Le petit déjeuner est gratuit jusqu’à 10h30. L’hôtel est entièrement détruit. Plus de tasses intactes. On boit le thé dans de petits bidons.
Le cratère, presque l’aube. On stocke nourriture et vêtements pour le festival. La neige, brune, recouvre tout peu à peu. Mina somnole, nue.
L’homme à la tête de chat, en conférence, avec la femme à la tête de panthère nébuleuse. Si. Ça existe. Conférence de paix. Fin du monde.
Amenez vos amis, c’est le temps des aventures. Nous partons pour de lointaines contrées. Princesses, rois fous et reines vampires attendent.
Mina, Carver, Igor observent tranquillement le début de l’embrasement. Les armées en mouvement. Les champignons dans le ciel. Cette lumière.
Les membres du Front de Libération de la Réalité ne se nourrissaient que du riz ramassé par terre après les mariages et autres offrandes.
Mina, pratiquement lucide, répète les derniers mouvements de sa passe contre le conglomérat lituanien. Carver repasse sa plus jolie robe.
Mina, Igor, se refusent à tout commentaire. Carver, sous la camionnette, bricole. L’homme à la tête de chat coordonne les opérations. Pause.
Il y a un taxidermiste ivre (et flou) devant la porte. Mina ne veut pas lui ouvrir. C’est sûrement mieux. On boit du cidre. Hips. Nus.
Grosse agitation autour du métro Crimée. Vivres et munitions commencent à manquer. Les milices tiennent le Monoprix et le Castorama. Misère.
Métro Crimée, les observateurs russes préparent la troisième guerre mondiale. Ça sera funky, vert foncé. Mina, rue de Nantes, calcule grave.
Enfant soldat ivre, Igor ne devait sa survie qu’à un sens de l’humour immobile et de couleur plutôt ultraviolet.
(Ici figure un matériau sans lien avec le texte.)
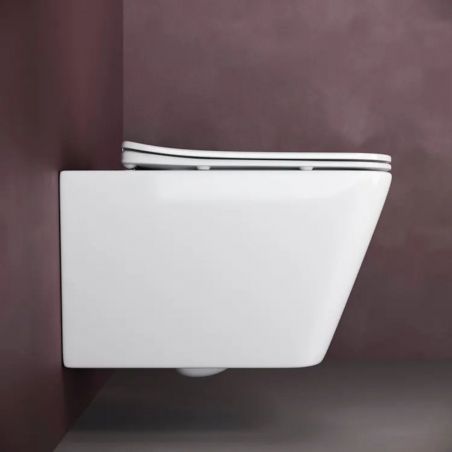 Randlose Toilettenschüssel, weiß glänzend, hängende Montage, Duroplast Slim Soft-Close-Deckel inklusive, Alfonso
La nuit, j’ai si froid, si.
Mina, Carver et moi découvrons, sous les ruines de la cathédrale, les réserves des miliciens indonésiens. Lysergsäurediethylamid pour tous !
Cimmérie, le souvenir de tes grises collines venteuses chasse mes sourires aussi sûrement qu’une nuée de deuils.
Le gomi, partout, et personne pour le trier, l’entasser, le compiler, le régénérer. Igor, son nouvel arc, entraînement. Suivent accidents.
Dans le bureau le vieux général solennellement rédige une dernière lettre. Fredonne le thème de Motus. Se jette par la fenêtre. Nu. Splotch.
Depuis mardi nous aimions le vieux barbu et sa révolution. Voir rouler les têtes des tyrans au pied de leurs idoles abattues. Éclate totale.
Mina testait la Méthode d’endormissement des tigres sur les miliciens corses. Le thé hallucinogène incas coule à flot. Igor relance de dix.
Par la fenêtre, les hommes en noir. Le bruit des bottes.
Lieu maléfique. Boîte de nuit en journée. Sièges en Skaï défoncés. Sur la scène violemment éclairée, une batterie, rouge. Mina, sa gattling.
Ensuite : des hémorragies internes et externes surviennent ensuite, suivies du décès par choc cardio-respiratoire dans 50 à 90 % des cas.
Mina, Igor, rodent dans les parages. Visite nocturne ultra connectée des antiquités égyptiennes. Momie en folie. Carver, sa valise, en bois.
Pas facile de trouver de bons éléphants mitrailleurs en cette saison. Mina visite la Région Libre du Nord Tarn, recrutant pour la Milice Bi.
Dans la carlingue défigurée de l’antique DC10, l’homme à la tête de chat repère les plus gros rongeurs, trace le patron de son futur caban.
L’homme à la tête de chat, sur la terrasse de l’hôtel en ruine, contemple, au téléphone, la destruction de l’époque humaine. Des croquettes.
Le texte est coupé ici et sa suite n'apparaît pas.